_Work instructions_: Restate each of the lines below word for word and drop every picture.

_Information supplied_:

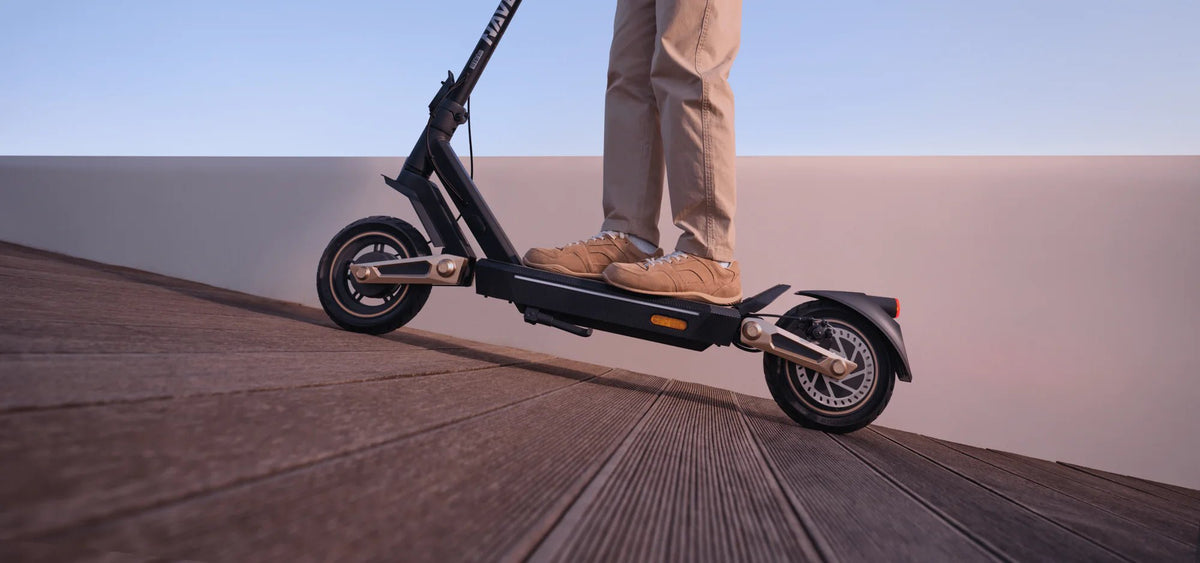 NAVEE ST3 Pro - E-Scooter - Wheelyshop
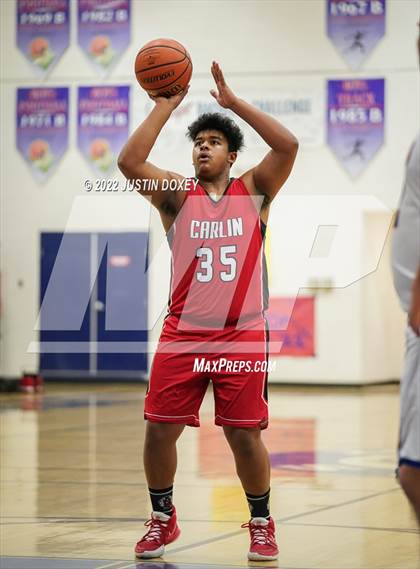 Thumbnail 2 in McDermitt vs Carlin (NIAA 1A East Quarterfinal) photogallery.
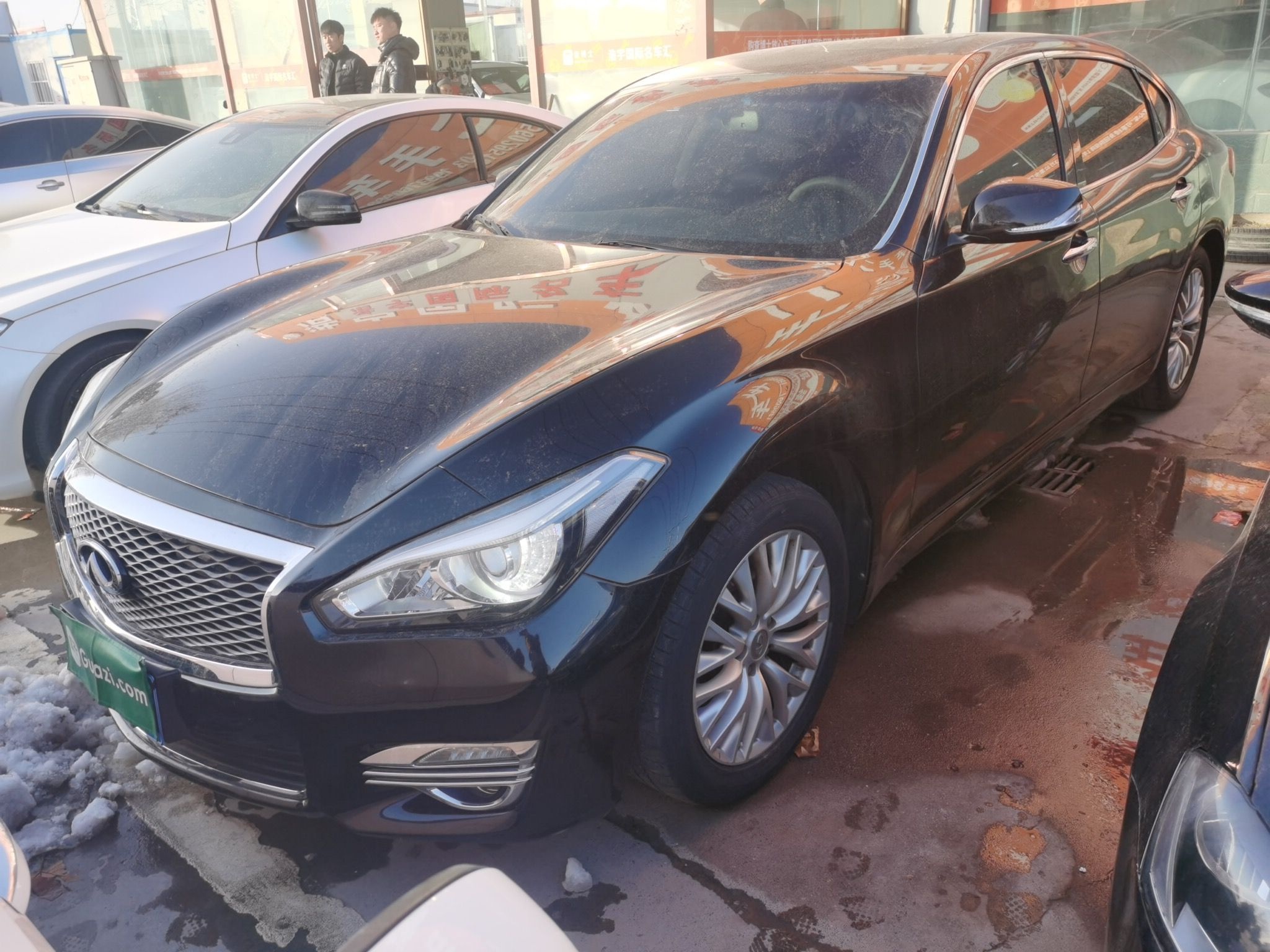 Под передней частью автомобиля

_Answer box_:
 NAVEE ST3 Pro - E-Scooter - Wheelyshop
 Thumbnail 2 in McDermitt vs Carlin (NIAA 1A East Quarterfinal) photogallery.
 Под передней частью автомобиля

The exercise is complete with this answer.